A painting is not much different than looking at an image on a computer.  Its actuality does depend on an objective interaction, but its reality is there it lives in a virtual realm.  Increasingly, the flow of information is becoming self-referential and the author is becoming anonymous in time and space.  All of this is a result of the virtuality of our existence in cyberspace and this is having a direct impact on the nature of painting and its relationship to culture at large.  Perhaps there is a feedback loop between the techonology and its effects on the nature of visual art in general?  These are complex issues and questions.

Sunday, July 28, 2013

Conversations with Dan Asher

Lately I've been thinking about an old friend Dan Asher.  He was someone a lot of art world people knew, but did not like to admit it.  I met him at the Russian Baths in the East Village and he became a sort of avuncular figure to me.  Quickly I picked up on the fact that people like Jerry Saltz avoided him as he passed on Chelsea streets.  Dan's admitted frustrations with the art world were rooted in the fact that he witnessed things like the avaricious nature of a major gallerist's vampiric consumption of Basquiat (a story about selling his jazz records without telling him) and still harbored emotions about it, since Jean Michel was his friend.   This was countered by the fact that any artist in NYC faces, the need for money.  This all too often makes selling out to individuals that one would not normally deal with.  Watching Dan do his daily dance of selling his work to people on the margins of the art world and/or borrow money from friends to pay a phone bill was somewhat amusing, but equally distressing.

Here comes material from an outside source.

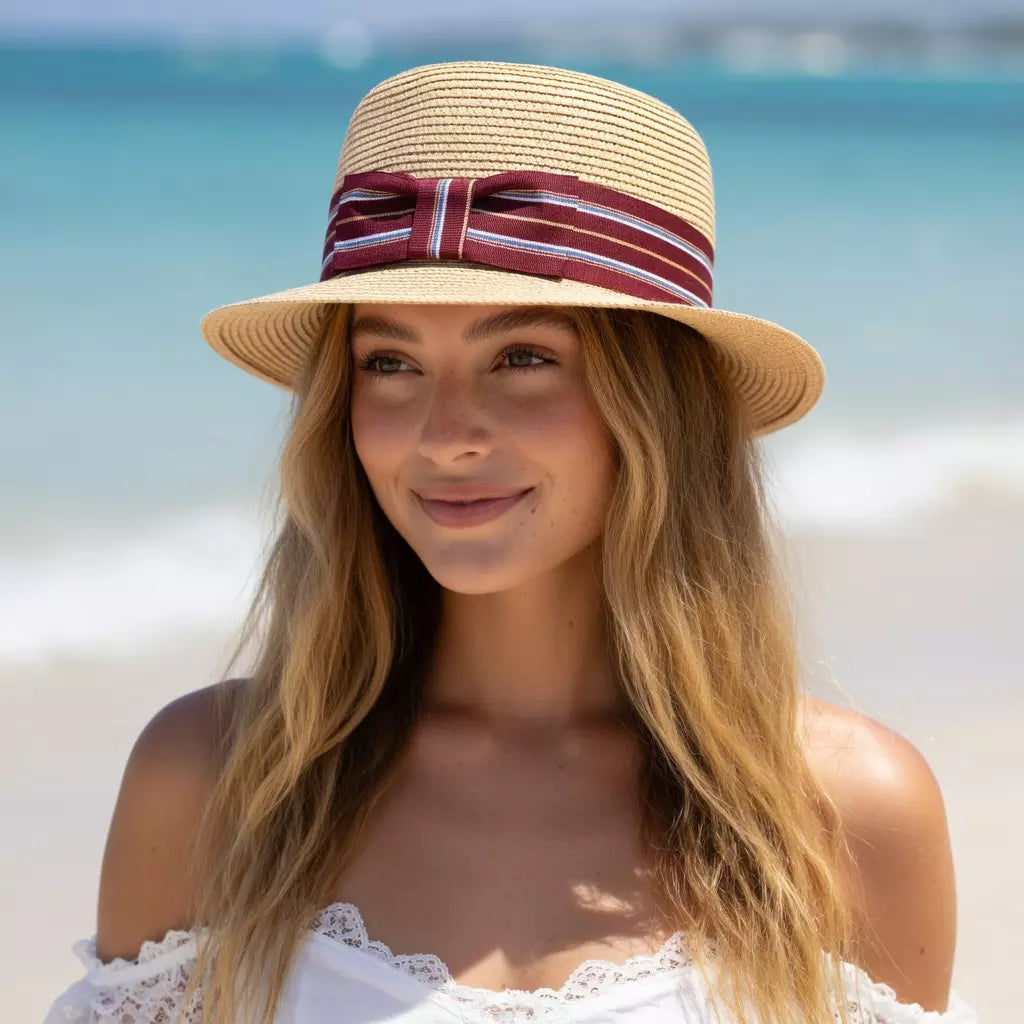 Porto Summer Beige Raffia Fedora Hat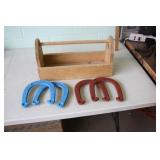 Wooden Box & Horse Shoes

I think what impressed me about Dan, outside of his high level of intelligence, honesty and intense nature that felt like a pressure cooker waiting at any moment to blow, was the passion he clearly had for his work.  Integrity was something deeply important to him.

Before I  had to leave NYC myself, Dan gave me a bunch of small original photos.  I wanted to return them, but he wouldn't answer those attempts.  I think he must have wanted me to have them.  I am proud of those pictures and even though my art collection is much smaller than I would like, having those makes up for that ten fold.

I was disappointed to find out when I did that he had passed.  I had been living outside the country and there was no way to go to the city.  Either way...RIP to a real artist who actually gave a FCUK beyond some bull$hit complacency of towing the line all the way to the corporate art market.

Thursday, July 11, 2013

Starving Artist

Joshua Abelow, Self Portrait, 2007

A year or two ago I came across this painter in my internet travels.  I am not physically present in the art world these days, so I limit my access to what I can dig up in the virtual.

Out of the majority of the art I have seen that is contemporary, this guy stuck out at me.  In general, he does the tongue in cheek thing like saying, "Ha, Ha, I have turned art over on its head and it will sell"!  Sort of like an internet troll, who purposefully throws out erroneous information to start a reaction.  I would compare him to Brian Belott, whom I know from past days at CANADA exhibitions.  

I would say that like in this image, Joshua Abelow is turning Picasso over, particularly late, "bad" Picasso.  In general, the "bad" in painting has become a sort of timestamp for the culture.  Perhaps because we have become so inundated with images, we react in such a way as to take what was normally ignored as bad taste and re-contextualize it?  You be the judge.